(Short text fragments from websites)
++++++++
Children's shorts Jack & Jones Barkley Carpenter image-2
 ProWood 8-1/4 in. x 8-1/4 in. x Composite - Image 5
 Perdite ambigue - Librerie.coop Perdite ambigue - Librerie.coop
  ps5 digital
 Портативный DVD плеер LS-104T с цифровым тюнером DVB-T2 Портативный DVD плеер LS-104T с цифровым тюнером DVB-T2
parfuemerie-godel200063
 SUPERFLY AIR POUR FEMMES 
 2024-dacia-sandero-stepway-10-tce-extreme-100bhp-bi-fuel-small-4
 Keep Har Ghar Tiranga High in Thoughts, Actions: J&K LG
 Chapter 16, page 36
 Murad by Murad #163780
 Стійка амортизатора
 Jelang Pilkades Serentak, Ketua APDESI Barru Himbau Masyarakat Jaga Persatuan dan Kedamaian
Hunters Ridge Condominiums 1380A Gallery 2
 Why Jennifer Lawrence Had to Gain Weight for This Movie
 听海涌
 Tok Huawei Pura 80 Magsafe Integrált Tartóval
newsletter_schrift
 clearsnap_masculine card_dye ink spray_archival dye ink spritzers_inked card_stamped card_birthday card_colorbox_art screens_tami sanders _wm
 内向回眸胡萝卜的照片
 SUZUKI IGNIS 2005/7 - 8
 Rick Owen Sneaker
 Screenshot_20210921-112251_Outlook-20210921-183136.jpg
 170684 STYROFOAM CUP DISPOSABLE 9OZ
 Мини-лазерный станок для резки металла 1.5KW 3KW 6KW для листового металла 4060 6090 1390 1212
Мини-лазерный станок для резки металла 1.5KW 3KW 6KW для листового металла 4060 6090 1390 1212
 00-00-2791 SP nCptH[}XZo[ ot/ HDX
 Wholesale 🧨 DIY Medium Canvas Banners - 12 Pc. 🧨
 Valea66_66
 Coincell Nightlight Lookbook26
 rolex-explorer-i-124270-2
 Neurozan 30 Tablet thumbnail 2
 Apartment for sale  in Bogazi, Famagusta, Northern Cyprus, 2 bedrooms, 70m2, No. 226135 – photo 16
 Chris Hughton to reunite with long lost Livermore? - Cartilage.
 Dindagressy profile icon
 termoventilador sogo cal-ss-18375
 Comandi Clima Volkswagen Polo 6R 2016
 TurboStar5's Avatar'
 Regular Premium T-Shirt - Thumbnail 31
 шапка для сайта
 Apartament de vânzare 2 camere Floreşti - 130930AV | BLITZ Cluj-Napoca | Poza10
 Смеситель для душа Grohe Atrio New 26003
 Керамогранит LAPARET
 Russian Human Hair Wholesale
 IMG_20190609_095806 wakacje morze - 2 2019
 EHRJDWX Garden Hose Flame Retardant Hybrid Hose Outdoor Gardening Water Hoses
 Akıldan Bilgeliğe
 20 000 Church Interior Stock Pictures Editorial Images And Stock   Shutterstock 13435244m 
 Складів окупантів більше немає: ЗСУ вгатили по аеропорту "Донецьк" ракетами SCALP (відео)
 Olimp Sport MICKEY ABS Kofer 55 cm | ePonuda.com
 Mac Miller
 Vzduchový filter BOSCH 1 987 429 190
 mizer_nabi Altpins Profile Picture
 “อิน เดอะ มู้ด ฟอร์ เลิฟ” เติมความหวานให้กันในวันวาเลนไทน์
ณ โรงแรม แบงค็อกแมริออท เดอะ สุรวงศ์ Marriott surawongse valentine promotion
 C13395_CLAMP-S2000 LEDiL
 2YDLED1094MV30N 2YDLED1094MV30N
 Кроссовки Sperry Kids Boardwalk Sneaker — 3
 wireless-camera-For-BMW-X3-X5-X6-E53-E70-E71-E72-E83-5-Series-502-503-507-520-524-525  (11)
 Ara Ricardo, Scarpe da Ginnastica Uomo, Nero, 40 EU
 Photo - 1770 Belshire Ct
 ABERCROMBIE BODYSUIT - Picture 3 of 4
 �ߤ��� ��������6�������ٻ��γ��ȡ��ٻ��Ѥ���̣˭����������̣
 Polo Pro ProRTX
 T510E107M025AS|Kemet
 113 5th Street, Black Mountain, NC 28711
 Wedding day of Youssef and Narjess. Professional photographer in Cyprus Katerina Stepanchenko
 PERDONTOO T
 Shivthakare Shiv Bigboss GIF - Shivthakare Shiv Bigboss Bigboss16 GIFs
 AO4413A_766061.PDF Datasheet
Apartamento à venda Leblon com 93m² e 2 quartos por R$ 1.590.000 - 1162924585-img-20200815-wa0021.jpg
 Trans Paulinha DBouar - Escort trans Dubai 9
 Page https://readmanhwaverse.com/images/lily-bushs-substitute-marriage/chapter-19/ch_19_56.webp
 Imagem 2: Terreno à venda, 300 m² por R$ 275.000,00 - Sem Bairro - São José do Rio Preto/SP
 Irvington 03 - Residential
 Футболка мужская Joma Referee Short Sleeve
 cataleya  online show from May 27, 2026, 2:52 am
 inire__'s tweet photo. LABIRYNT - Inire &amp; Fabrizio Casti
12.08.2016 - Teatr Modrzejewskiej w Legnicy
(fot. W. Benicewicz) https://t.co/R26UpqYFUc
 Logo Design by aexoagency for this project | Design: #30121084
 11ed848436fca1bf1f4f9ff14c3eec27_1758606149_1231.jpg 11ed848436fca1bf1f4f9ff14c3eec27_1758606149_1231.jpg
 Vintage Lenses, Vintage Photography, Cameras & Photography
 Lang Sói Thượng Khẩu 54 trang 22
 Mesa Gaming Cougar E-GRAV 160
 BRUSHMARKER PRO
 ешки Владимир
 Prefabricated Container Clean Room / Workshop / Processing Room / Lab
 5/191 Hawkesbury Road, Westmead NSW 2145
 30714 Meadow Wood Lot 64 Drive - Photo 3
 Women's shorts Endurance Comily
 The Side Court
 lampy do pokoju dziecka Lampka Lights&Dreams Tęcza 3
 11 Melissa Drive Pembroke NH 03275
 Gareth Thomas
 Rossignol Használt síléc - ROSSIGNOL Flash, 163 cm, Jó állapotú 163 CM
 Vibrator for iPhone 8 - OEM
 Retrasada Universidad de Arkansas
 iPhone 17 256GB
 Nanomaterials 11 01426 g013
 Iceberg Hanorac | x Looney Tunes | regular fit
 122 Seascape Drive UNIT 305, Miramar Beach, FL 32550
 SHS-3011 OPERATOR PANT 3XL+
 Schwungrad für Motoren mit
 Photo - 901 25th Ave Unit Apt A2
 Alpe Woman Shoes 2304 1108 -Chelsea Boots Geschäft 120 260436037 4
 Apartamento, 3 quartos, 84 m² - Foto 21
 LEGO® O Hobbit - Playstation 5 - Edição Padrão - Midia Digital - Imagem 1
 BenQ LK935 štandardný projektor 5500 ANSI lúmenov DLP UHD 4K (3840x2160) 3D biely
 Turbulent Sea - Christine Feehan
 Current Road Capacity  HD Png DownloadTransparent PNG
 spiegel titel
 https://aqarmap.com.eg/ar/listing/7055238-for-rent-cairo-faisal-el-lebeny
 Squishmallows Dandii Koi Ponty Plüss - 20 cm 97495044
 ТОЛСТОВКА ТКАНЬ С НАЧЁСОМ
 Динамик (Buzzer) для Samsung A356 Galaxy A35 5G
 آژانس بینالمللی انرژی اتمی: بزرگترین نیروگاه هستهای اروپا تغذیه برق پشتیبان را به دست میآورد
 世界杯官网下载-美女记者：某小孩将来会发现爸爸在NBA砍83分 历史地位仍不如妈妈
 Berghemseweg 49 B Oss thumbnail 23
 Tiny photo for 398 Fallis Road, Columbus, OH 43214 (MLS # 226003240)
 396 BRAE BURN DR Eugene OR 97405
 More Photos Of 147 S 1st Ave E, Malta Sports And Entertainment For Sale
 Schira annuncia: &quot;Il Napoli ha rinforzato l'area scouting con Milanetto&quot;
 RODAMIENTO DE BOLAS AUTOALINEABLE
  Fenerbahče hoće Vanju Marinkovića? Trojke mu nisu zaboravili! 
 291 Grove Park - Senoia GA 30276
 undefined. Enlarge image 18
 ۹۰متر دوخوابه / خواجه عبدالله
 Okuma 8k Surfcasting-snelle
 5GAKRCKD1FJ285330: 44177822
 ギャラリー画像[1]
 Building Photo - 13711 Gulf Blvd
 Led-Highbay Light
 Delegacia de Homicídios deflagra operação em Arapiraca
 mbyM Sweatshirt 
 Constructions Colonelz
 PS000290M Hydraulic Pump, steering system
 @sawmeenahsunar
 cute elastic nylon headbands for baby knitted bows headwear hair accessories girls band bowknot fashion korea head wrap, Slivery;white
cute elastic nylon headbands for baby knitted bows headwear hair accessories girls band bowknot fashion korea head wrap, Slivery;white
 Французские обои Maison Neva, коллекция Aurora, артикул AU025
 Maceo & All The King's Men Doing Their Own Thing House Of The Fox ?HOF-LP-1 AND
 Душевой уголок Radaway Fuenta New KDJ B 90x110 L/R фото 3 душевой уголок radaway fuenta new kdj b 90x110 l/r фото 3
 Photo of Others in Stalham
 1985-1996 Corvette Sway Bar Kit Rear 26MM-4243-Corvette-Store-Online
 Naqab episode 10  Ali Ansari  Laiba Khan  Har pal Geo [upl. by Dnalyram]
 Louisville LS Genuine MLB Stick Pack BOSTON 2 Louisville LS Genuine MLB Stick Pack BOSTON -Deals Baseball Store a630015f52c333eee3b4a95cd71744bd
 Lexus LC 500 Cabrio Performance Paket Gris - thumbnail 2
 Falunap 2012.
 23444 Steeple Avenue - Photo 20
++++++++
* _Problem requirements_
From the records above, give again exactly the lines running from the line with "Apartamento, 3 quartos, 84 m² - Foto 21" to the line with "spiegel titel", inclusive.

* _Answer to the problem_
 Apartamento, 3 quartos, 84 m² - Foto 21
 LEGO® O Hobbit - Playstation 5 - Edição Padrão - Midia Digital - Imagem 1
 BenQ LK935 štandardný projektor 5500 ANSI lúmenov DLP UHD 4K (3840x2160) 3D biely
 Turbulent Sea - Christine Feehan
 Current Road Capacity  HD Png DownloadTransparent PNG
 spiegel titel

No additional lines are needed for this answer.